Operator: Thank you sir.


  At this time I would like to remind everyone in order to ask a question please press star then the number 1 on your telephone keypad and we’ll pause for just a moment to compile the Q&A roster.

  Your first question comes from Greg McMichael of AG Edwards.

Greg
McMichael:
Good morning (Jim).

James
Volker:
Morning Greg.

Greg
McMichael:
Just first of all I want to ask you — first of all I want to say congratulations on being public and also on having a great year — good finding cost and a good quarter.

James
Volker:
Thank you Greg.

Greg
McMichael:
Second of all I wanted to ask you about the market for acquisitions right now. Obviously that’s a big part of your growth and I know you’re constantly reviewing properties in the market. Can you tell us whether the acquisition market has changed let’s say in the last 90 — 60 and 90 days since you went public and what are you seeing out there in terms of something that would fit in Whiting’s current existing asset base?

James
Volker:
Greg the acquisition market at this point in time is surprisingly active. We at any point in time probably have four or five properties under evaluation and at the point that we believe we will be making offers.

  With respect to how it may have changed in the last 60 to 90 days really we don’t see that much of a change over that period of time. It has been active as some potential sellers choose to take advantage of the current pricing environment. And second we believe that it is competitive as it always has been however our approach to acquisitions has always been that if you’re disciplined, if you stick to your knitting, stick to places that you know, and stick to your essentially rate of return criteria which for us is typically pre-tax rates of return at typical hedge price (decks) over two to five years in the 15 to — percent or greater pre-tax rates of return, why that you can do it. ROE just has to be disciplined.


  Thank you.

Greg
McMichael:
(Jim) Casperson I wanted to ask you a couple questions about the balance sheet. Long-term payable to (Aliant) and then other long-term liabilities, could you give us a little more detail on that?

James
Casperson:
Okay. When you’re looking at the long-term liability due to (Aliant) that is comprised of an amount due to them applicable to the tax sharing arrangement that was signed in November and was invoked at the time of the IPO. In addition with that there was a $3 million note to (Aliant) that was signed in that step-up in basis tax sharing arrangement.
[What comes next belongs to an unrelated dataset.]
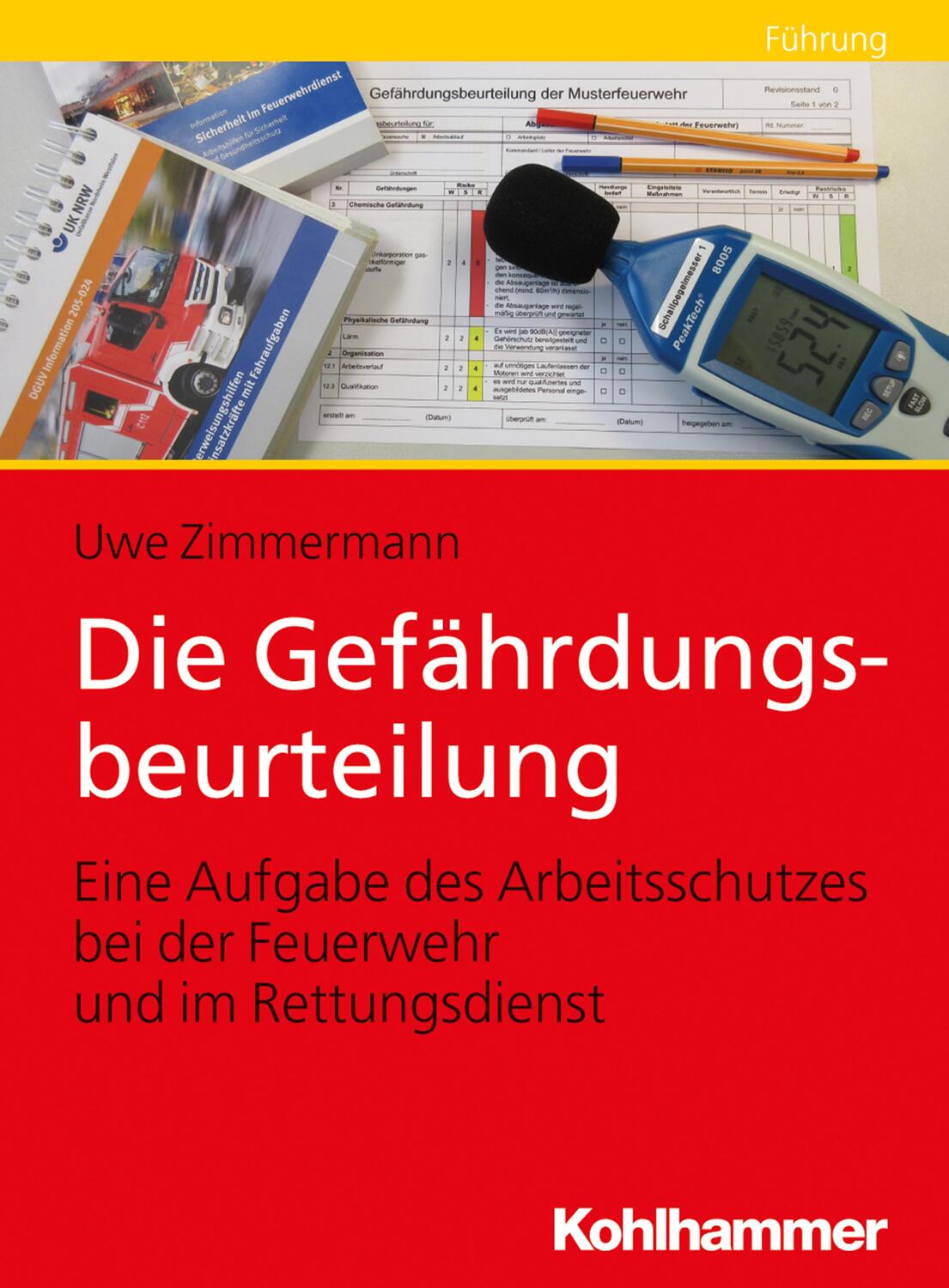 Cover: 9783170358577 | Die Gefährdungsbeurteilung | Uwe Zimmermann | Taschenbuch | Deutsch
  Now the other long-term liabilities in there are applicable to the plugging and abandon liability for the implementation FASB and the long-term portion of the production participation plan.

Greg
McMichael:
Okay and as far as the payable to (Aliant) is that — that’s a tax — it sounds like it’s primarily income taxes. How will that be amortized? How will you reduce that off the balance sheet and what’s the schedule of payment there?

James
Casperson:
Well the schedule of payment Greg is the tax sharing agreement is ten years long and we will pay (Aliant) as we (unintelligible) the benefit of any tax saving from the step up in basis. So when you’re talking about how it gets reduced over a period of time will be reduced four payments. This is an estimate. At the conclusion of that ten-year period we will then pay (Aliant) whatever benefit still remains at that point. We do not expect at this point to make any payments to (Aliant) for approximately 24 months.


Greg
McMichael:
Okay and will there be any imputed interest associated with that?

James
Casperson:
Yes sir there will be. The imputed interest is at approximately 8% and it will accrue interest at approximately $2.4 million a month - I mean a year as a non-cash charge.

Greg
McMichael:
Okay. I want to go back to (Jim) Volker for a minute.

  (Jim)         in terms of the outlook for drilling — you outlined that earlier for 2004. Where do you see most of the dollars going in terms of the probable and possible drilling — the 26 million, the 9 million, which I guess is about 35 million. Is that predominantly in the Williston Basin or is it balanced between the Williston and South Texas? Are there other areas there? Could you just outline that for us?

James
Volker:
Greg I’ll answer your question by trying to be specific about where the dollars of the 68 million are going. And I’ll simply say that the probable and possible drilling is pretty much spread as a percentage in line with the overall percentage as most of that drilling is simply drilling one location away — currently anyway from the existing producing well.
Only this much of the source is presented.